--- What you have to do ---
All entries below are to be copied precisely as they appear.

Collected data entries

━━━━━━━━━━━━━━━━━━━━

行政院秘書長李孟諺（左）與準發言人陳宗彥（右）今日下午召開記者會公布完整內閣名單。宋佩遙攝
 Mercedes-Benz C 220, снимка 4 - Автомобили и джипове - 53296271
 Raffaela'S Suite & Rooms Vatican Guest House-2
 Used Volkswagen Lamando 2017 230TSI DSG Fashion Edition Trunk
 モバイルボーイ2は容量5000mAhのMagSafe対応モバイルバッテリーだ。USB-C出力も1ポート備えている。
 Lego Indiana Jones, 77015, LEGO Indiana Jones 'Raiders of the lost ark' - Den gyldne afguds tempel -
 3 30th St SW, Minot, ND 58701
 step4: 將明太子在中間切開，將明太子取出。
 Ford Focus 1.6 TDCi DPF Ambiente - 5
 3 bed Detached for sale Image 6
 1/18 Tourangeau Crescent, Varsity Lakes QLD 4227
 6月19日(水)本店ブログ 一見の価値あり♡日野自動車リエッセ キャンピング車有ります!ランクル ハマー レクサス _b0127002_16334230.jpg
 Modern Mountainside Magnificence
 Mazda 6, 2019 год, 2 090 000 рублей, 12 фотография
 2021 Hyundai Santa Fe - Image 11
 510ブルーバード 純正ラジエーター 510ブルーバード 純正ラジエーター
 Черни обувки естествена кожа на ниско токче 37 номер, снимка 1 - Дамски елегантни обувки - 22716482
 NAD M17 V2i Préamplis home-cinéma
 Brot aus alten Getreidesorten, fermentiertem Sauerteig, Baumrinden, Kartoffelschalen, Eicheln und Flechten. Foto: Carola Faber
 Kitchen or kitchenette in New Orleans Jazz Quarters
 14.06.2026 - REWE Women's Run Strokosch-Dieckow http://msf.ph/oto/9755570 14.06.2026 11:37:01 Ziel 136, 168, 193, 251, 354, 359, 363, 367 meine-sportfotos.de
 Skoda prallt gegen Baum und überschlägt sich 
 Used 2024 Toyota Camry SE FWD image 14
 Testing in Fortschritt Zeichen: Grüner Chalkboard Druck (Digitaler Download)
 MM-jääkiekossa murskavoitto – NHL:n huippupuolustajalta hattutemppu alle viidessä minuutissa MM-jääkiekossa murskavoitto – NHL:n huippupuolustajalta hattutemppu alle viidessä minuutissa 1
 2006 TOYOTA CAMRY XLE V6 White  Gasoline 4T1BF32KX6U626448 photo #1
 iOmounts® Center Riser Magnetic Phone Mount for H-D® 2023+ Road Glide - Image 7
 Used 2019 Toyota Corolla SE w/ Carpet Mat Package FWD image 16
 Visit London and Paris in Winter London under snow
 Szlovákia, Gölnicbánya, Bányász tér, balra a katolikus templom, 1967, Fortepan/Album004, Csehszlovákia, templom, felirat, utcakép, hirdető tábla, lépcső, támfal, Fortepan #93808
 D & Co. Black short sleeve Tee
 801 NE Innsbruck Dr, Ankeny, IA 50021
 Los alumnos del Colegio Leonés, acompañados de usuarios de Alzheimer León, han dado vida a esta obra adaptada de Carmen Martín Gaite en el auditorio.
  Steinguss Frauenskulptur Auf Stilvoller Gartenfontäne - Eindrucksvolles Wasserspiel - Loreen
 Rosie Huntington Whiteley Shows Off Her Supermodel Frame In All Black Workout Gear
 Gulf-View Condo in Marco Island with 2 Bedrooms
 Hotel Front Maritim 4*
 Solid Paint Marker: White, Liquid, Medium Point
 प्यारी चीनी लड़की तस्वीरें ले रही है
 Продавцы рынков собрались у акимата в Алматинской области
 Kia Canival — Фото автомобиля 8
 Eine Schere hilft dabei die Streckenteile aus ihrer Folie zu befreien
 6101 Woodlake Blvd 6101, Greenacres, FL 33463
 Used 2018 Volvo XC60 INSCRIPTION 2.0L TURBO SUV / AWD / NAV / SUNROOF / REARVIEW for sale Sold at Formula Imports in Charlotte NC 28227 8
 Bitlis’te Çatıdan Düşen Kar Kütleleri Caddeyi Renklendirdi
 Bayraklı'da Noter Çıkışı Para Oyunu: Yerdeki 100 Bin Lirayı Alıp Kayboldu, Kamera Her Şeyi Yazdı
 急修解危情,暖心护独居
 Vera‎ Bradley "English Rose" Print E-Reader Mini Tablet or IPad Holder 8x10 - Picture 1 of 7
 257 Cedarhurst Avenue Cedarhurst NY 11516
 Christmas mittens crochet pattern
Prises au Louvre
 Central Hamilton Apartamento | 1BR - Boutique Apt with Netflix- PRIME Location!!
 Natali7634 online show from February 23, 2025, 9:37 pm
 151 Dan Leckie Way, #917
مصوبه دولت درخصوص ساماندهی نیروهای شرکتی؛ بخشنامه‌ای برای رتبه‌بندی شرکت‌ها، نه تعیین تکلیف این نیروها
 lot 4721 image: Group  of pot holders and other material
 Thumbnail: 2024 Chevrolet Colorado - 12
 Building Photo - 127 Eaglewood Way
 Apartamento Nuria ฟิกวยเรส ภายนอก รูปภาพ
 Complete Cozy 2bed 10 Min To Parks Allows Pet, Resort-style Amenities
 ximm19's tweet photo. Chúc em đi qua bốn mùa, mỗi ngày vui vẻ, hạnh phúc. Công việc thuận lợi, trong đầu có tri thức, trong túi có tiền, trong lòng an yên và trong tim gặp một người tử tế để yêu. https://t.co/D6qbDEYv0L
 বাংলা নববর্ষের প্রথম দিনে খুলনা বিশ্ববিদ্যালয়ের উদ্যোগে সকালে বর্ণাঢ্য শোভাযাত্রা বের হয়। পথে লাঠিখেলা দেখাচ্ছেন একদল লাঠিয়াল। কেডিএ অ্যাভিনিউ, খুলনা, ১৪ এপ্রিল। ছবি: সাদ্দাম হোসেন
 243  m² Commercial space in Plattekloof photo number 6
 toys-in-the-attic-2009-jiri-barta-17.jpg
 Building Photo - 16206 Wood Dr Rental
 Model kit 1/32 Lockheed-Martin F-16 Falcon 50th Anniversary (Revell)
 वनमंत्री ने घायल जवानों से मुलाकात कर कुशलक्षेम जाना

━━━━━━━━━━━━━━━━━━━━

--- Reply ---
行政院秘書長李孟諺（左）與準發言人陳宗彥（右）今日下午召開記者會公布完整內閣名單。宋佩遙攝
 Mercedes-Benz C 220, снимка 4 - Автомобили и джипове - 53296271
 Raffaela'S Suite & Rooms Vatican Guest House-2
 Used Volkswagen Lamando 2017 230TSI DSG Fashion Edition Trunk
 モバイルボーイ2は容量5000mAhのMagSafe対応モバイルバッテリーだ。USB-C出力も1ポート備えている。
 Lego Indiana Jones, 77015, LEGO Indiana Jones 'Raiders of the lost ark' - Den gyldne afguds tempel -
 3 30th St SW, Minot, ND 58701
 step4: 將明太子在中間切開，將明太子取出。
 Ford Focus 1.6 TDCi DPF Ambiente - 5
 3 bed Detached for sale Image 6
 1/18 Tourangeau Crescent, Varsity Lakes QLD 4227
 6月19日(水)本店ブログ 一見の価値あり♡日野自動車リエッセ キャンピング車有ります!ランクル ハマー レクサス _b0127002_16334230.jpg
 Modern Mountainside Magnificence
 Mazda 6, 2019 год, 2 090 000 рублей, 12 фотография
 2021 Hyundai Santa Fe - Image 11
 510ブルーバード 純正ラジエーター 510ブルーバード 純正ラジエーター
 Черни обувки естествена кожа на ниско токче 37 номер, снимка 1 - Дамски елегантни обувки - 22716482
 NAD M17 V2i Préamplis home-cinéma
 Brot aus alten Getreidesorten, fermentiertem Sauerteig, Baumrinden, Kartoffelschalen, Eicheln und Flechten. Foto: Carola Faber
 Kitchen or kitchenette in New Orleans Jazz Quarters
 14.06.2026 - REWE Women's Run Strokosch-Dieckow http://msf.ph/oto/9755570 14.06.2026 11:37:01 Ziel 136, 168, 193, 251, 354, 359, 363, 367 meine-sportfotos.de
 Skoda prallt gegen Baum und überschlägt sich 
 Used 2024 Toyota Camry SE FWD image 14
 Testing in Fortschritt Zeichen: Grüner Chalkboard Druck (Digitaler Download)
 MM-jääkiekossa murskavoitto – NHL:n huippupuolustajalta hattutemppu alle viidessä minuutissa MM-jääkiekossa murskavoitto – NHL:n huippupuolustajalta hattutemppu alle viidessä minuutissa 1
 2006 TOYOTA CAMRY XLE V6 White  Gasoline 4T1BF32KX6U626448 photo #1
 iOmounts® Center Riser Magnetic Phone Mount for H-D® 2023+ Road Glide - Image 7
 Used 2019 Toyota Corolla SE w/ Carpet Mat Package FWD image 16
 Visit London and Paris in Winter London under snow
 Szlovákia, Gölnicbánya, Bányász tér, balra a katolikus templom, 1967, Fortepan/Album004, Csehszlovákia, templom, felirat, utcakép, hirdető tábla, lépcső, támfal, Fortepan #93808
 D & Co. Black short sleeve Tee
 801 NE Innsbruck Dr, Ankeny, IA 50021
 Los alumnos del Colegio Leonés, acompañados de usuarios de Alzheimer León, han dado vida a esta obra adaptada de Carmen Martín Gaite en el auditorio.
  Steinguss Frauenskulptur Auf Stilvoller Gartenfontäne - Eindrucksvolles Wasserspiel - Loreen
 Rosie Huntington Whiteley Shows Off Her Supermodel Frame In All Black Workout Gear
 Gulf-View Condo in Marco Island with 2 Bedrooms
 Hotel Front Maritim 4*
 Solid Paint Marker: White, Liquid, Medium Point
 प्यारी चीनी लड़की तस्वीरें ले रही है
 Продавцы рынков собрались у акимата в Алматинской области
 Kia Canival — Фото автомобиля 8
 Eine Schere hilft dabei die Streckenteile aus ihrer Folie zu befreien
 6101 Woodlake Blvd 6101, Greenacres, FL 33463
 Used 2018 Volvo XC60 INSCRIPTION 2.0L TURBO SUV / AWD / NAV / SUNROOF / REARVIEW for sale Sold at Formula Imports in Charlotte NC 28227 8
 Bitlis’te Çatıdan Düşen Kar Kütleleri Caddeyi Renklendirdi
 Bayraklı'da Noter Çıkışı Para Oyunu: Yerdeki 100 Bin Lirayı Alıp Kayboldu, Kamera Her Şeyi Yazdı
 急修解危情,暖心护独居
 Vera‎ Bradley "English Rose" Print E-Reader Mini Tablet or IPad Holder 8x10 - Picture 1 of 7
 257 Cedarhurst Avenue Cedarhurst NY 11516
 Christmas mittens crochet pattern
Prises au Louvre
 Central Hamilton Apartamento | 1BR - Boutique Apt with Netflix- PRIME Location!!
 Natali7634 online show from February 23, 2025, 9:37 pm
 151 Dan Leckie Way, #917
مصوبه دولت درخصوص ساماندهی نیروهای شرکتی؛ بخشنامه‌ای برای رتبه‌بندی شرکت‌ها، نه تعیین تکلیف این نیروها
 lot 4721 image: Group  of pot holders and other material
 Thumbnail: 2024 Chevrolet Colorado - 12
 Building Photo - 127 Eaglewood Way
 Apartamento Nuria ฟิกวยเรส ภายนอก รูปภาพ
 Complete Cozy 2bed 10 Min To Parks Allows Pet, Resort-style Amenities
 ximm19's tweet photo. Chúc em đi qua bốn mùa, mỗi ngày vui vẻ, hạnh phúc. Công việc thuận lợi, trong đầu có tri thức, trong túi có tiền, trong lòng an yên và trong tim gặp một người tử tế để yêu. https://t.co/D6qbDEYv0L
 বাংলা নববর্ষের প্রথম দিনে খুলনা বিশ্ববিদ্যালয়ের উদ্যোগে সকালে বর্ণাঢ্য শোভাযাত্রা বের হয়। পথে লাঠিখেলা দেখাচ্ছেন একদল লাঠিয়াল। কেডিএ অ্যাভিনিউ, খুলনা, ১৪ এপ্রিল। ছবি: সাদ্দাম হোসেন
 243  m² Commercial space in Plattekloof photo number 6
 toys-in-the-attic-2009-jiri-barta-17.jpg
 Building Photo - 16206 Wood Dr Rental
 Model kit 1/32 Lockheed-Martin F-16 Falcon 50th Anniversary (Revell)
 वनमंत्री ने घायल जवानों से मुलाकात कर कुशलक्षेम जाना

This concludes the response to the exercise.